As far as I can tell, it was widespread (nuclear to solar), top to bottom (ercot to resident) unpreparedness. Coupled with reduced coal capacity, increased reliance on natural gas to supplement renewables. Tx is also geared more toward air conditioning load than heat, so units were down for maintenance to prepare for summer. Didn't help that the grid isn't well connected to sorrounding grids. But "mutual aid" can cut both ways if they reduce reliable capacity (coal) because in the short term they can buy in the power from a neighbor, that strategy fails when all the neighbors get hit with the same thing.
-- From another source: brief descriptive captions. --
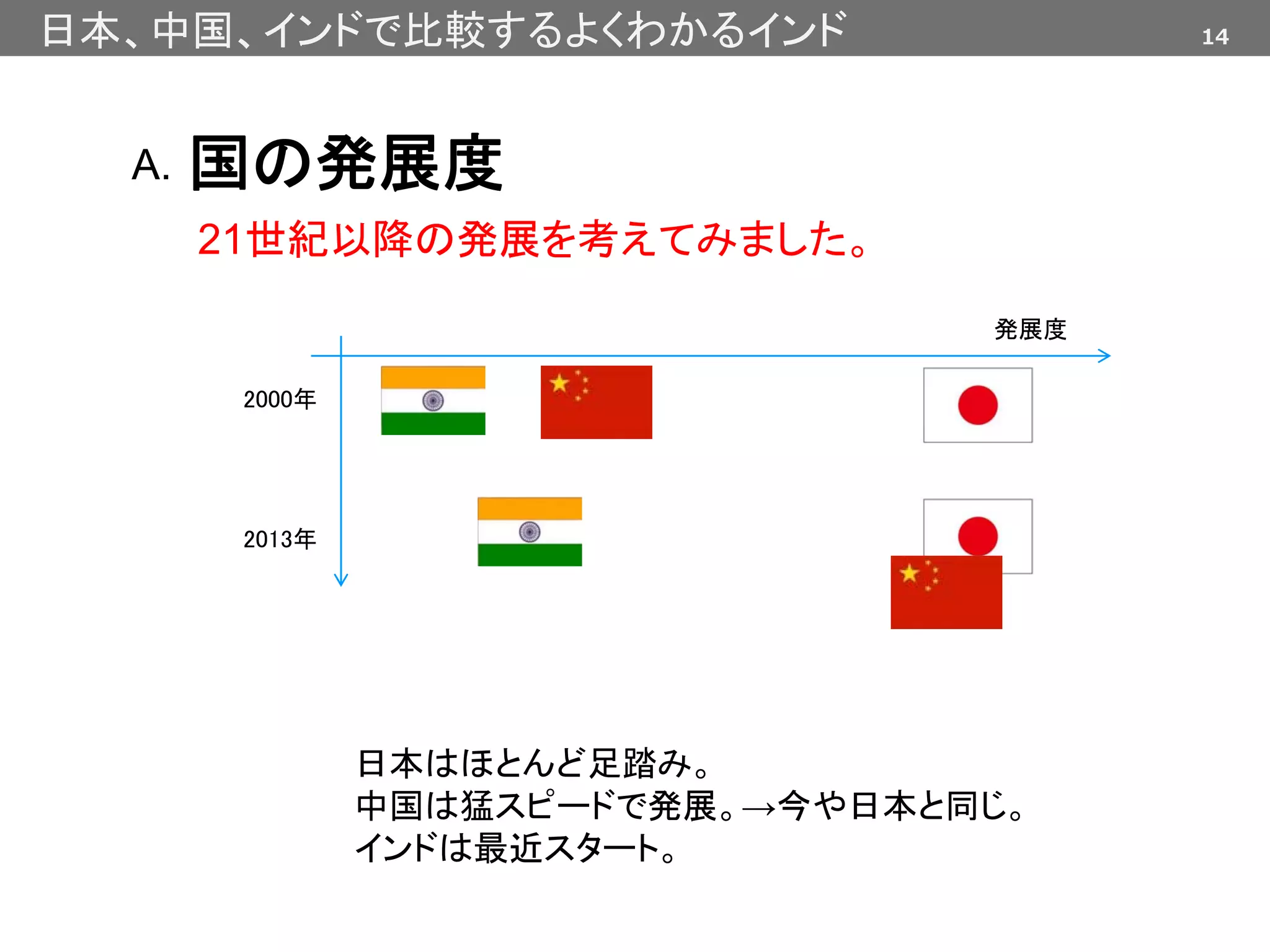 14日本、中国、インドで比較するよくわかるインド
国の発展度A.
発展度
日本はほとんど足踏み。
中国は猛スピードで発展。→今や日本と同じ。
インドは最近スタート。
2000年
2013年
21世紀以降の発展を考えてみました。
 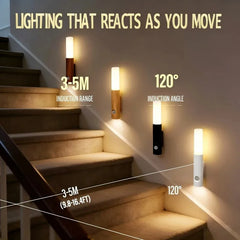 Smart Motion Sensor Night Light LED Rechargeable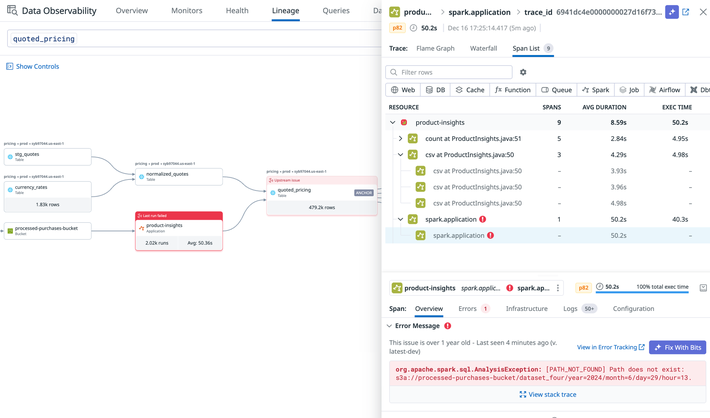 Unify data and code lineage in a single view to trace issues from ingestion through transformation Unify data and code lineage in a single view to trace issues from ingestion through transformation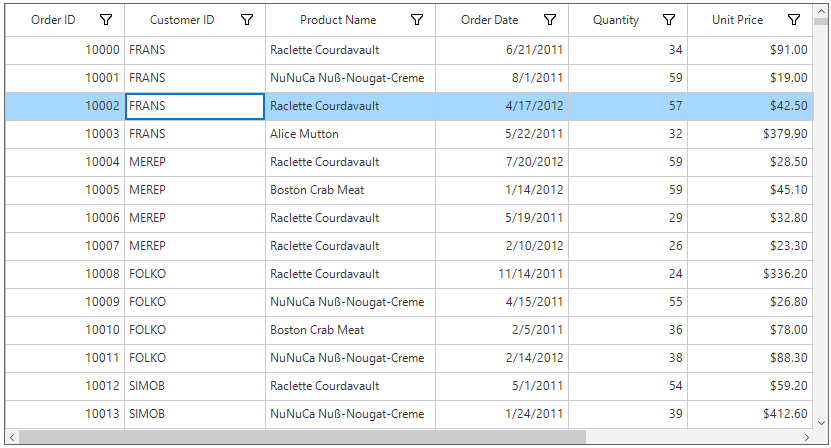 Windows forms datagrid showing single mode row selection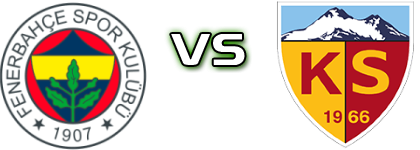 Fenerbahçe - Kayserispor Detalles y estadisticas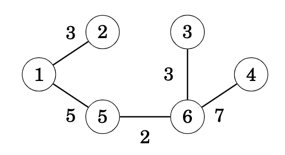 Step 3 - MST as a single component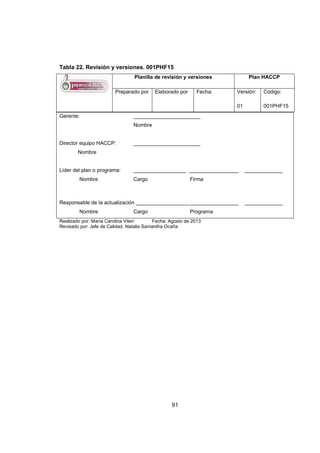 91
Tabla 22. Revisión y versiones. 001PHF15
Planilla de revisión y versiones Plan HACCP
Preparado por Elaborado por Fecha: Versión:
01
Código:
001PHF15
Gerente: _______________________
Nombre
Director equipo HACCP: _______________________
Nombre
Líder del plan o programa: __________________ _________________ _____________
Nombre Cargo Firma
Responsable de la actualización __________________ _________________ _____________
Nombre Cargo Programa
Realizado por: María Carolina Viteri Fecha: Agosto de 2013
Revisado por: Jefe de Calidad. Natalia Samantha Ocaña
I don't believe the excuse that this was a 100 year event that couldn't be prepared for. In my COUNTY, we've seen 500 year events every other year it seems. If you count up the number of different events you could count as a 100 year event, then you see that the numbers aren't that far off. I would say our 500 year predictions were off, but certainly you'll expect to deal with a 100 year event fairly regularly if there are a dozens of different categories of events. Just look at what it would have taken to avoid blackouts and loss of water, not retire or shut down for maintenance a fraction of the coal plants that were down, winterize gas and wind infrastructure, insulate the exposed pipes and keep the heat on, or drain when the heat goes off. Nothing that the average midwestern farmer doesn't experience every year. Same has been said about flooding, it's not like you can't predict where it's going to flood, most flooding cases have flooded every couple decades for the whole of settled history, and the "new" areas that flood are new construction on existing flood plain, or changed topography that causes the flooding.